Des dépôts et des usines ont été investis. La situation humanitaire est très critique alors qu’aucune organisation indépendante ne peut obtenir l’autorisation d’accéder à ces centres ni même aux villes assiégées. La ville de Daraa, berceau de la contestation qui a subi une expédition punitive durant deux semaines, a été privée d’eau potable, d’électricité et de la téléphonie mobile. Des témoignages commencent à filtrer après 45 jours de siège qui démontrent l’atrocité de la situation humanitaire.
Constatant la nature communautaire unifiée entre musulmans et chrétiens de cette ville, le régime a déplacé la répression vers d’autres villes où existe une autre composition de la mixité religieuse afin de renforcer ses allégations dénonçant le danger d’une «guerre civile». Dès lors, la transformation des événements en «confrontation communautaire» représente un grand défi pour les événements qui se déroulent en Syrie. Un autre défi est incarné par l’ambiguïté de l’action de l’appareil dirigeant. D’un côté, il annonce des réformes politiques que toute la population attend impatiemment depuis presque 50 ans, et de l’autre côté, il continue de renforcer sa répression sanglante contre sa population civile. Cette contradiction développe des réflexions pour essayer de déceler un quelconque «conflit» à la tête du pouvoir entre les porteurs d’une vision réformatrice (le Président ?), et ceux qui adoptent une vision sécuritaire (son frère?). Cependant, ce travail de réflexion risque de conduire à un piège : celui d’attendre pour voir lequel des deux courants va l’emporter. Cette attente risque de coûter des centaines de vies et beaucoup de tristesse dans un pays connu pour son pacifisme même sous les occupations les plus redoutables (Ottomane). Une situation qui se complique quand nous constatons que les Syriens, dans leur majorité, sont hostiles à une intervention étrangère directe. Ce constat risque de se modifier si la situation continue à se dégrader de jour en jour.
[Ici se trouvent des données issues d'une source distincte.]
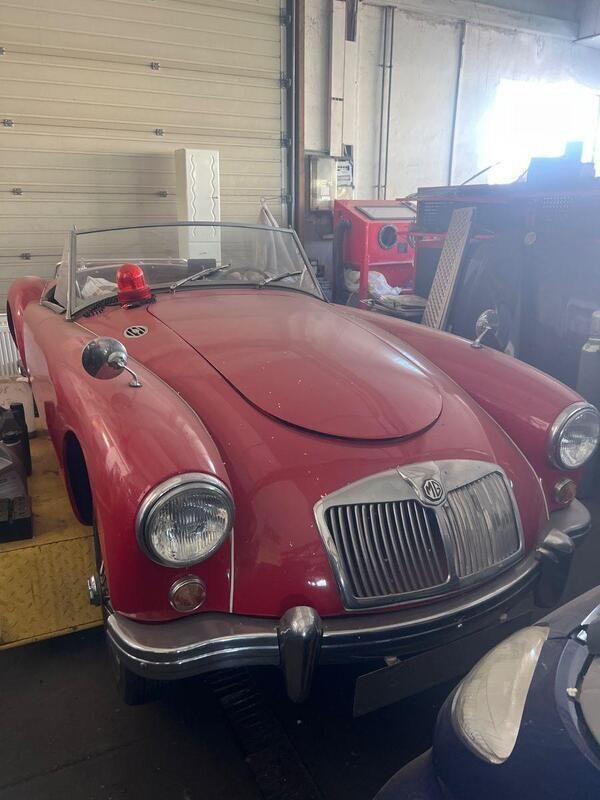 Rot Gebraucht 1958 MG MGA Cabrio | 22.950 € - Bild 1/4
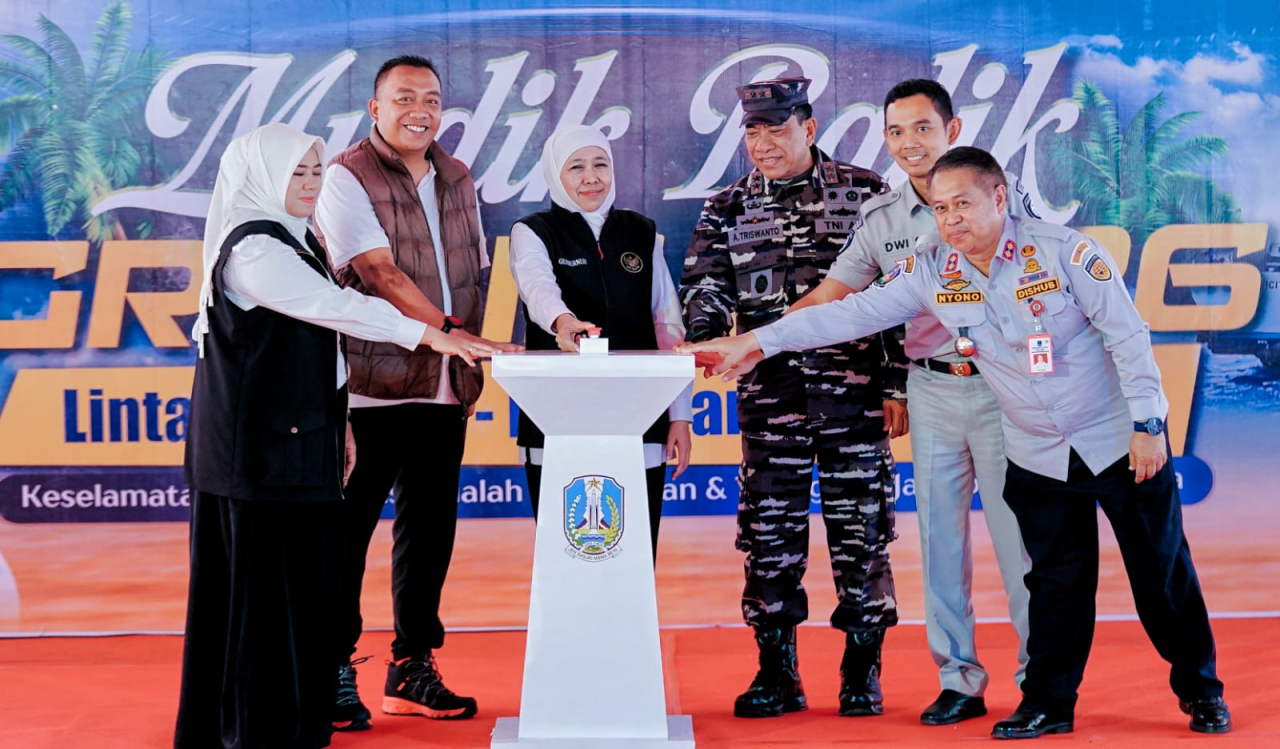 Pemprov Jatim Lepas Kapal Mudik Gratis ke Pulau Raas dan Sapudi, Khofifah: Warga Harus Pulang dengan Aman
Le régime ne cesse de perdre ses amis déjà peu nombreux. Après la France et son ouverture «généreuse» à son égard depuis 2008, le Qatar, son plus grand soutien politique et économique devient, pour le régime et sa propagande, un pays ennemi considéré comme une base militaire américaine dans le Golfe et comme étant un pays qui développe des relations secrètes avec Israël. Cette dégradation dans les relations a été graduelle mais elle est arrivée à un stade de non retour sauf miracle (et Dieu sait que les miracles existent en politique). Le retrait des investissements qataris a commencé à se faire ressentir.
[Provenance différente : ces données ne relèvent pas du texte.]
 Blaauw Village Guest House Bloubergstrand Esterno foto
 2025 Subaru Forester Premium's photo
La Turquie et particulièrement son Premier Ministre, autre ami «fidèle» a investi largement dans ses relations même personnelles avec le Président syrien. Les déclarations des dirigeants turcs ne cessent de se durcir avec le développement de la répression.
Des mots forts ont été prononcés à l’encontre du régime syrien par le Premier ministre Ardogan et le ministre des Affaires étrangère Uglou. Ainsi, la réaction officielle syrienne n’a pas épargné les amis turcs en les considérant comme une composante d’un «complot» les associant aux Américains, Israéliens et Frères Musulmans …. La tension ne cesse de s’accroître avec l’arrivée massive des réfugiés syriens dans le sud de la Turquie.
Les Syriens sont condamnés à l’espoir ; ce qui se passe n’est pas la fin de leur histoire millénaire. Ils resteront pacifiques et unifiés. Les occupants les plus virulents n’ont pas réussi à les diviser pour qu’un jour des milices locales sans foi ni loi y arrivent. Il faut que la violence aveugle cesse et qu’un dialogue sous forme de négociation soit effectif entre un pouvoir qui acceptera son départ à travers une transition et un peuple qui exprimera sa propre vision pour un avenir meilleur dans un pays plein de ressources.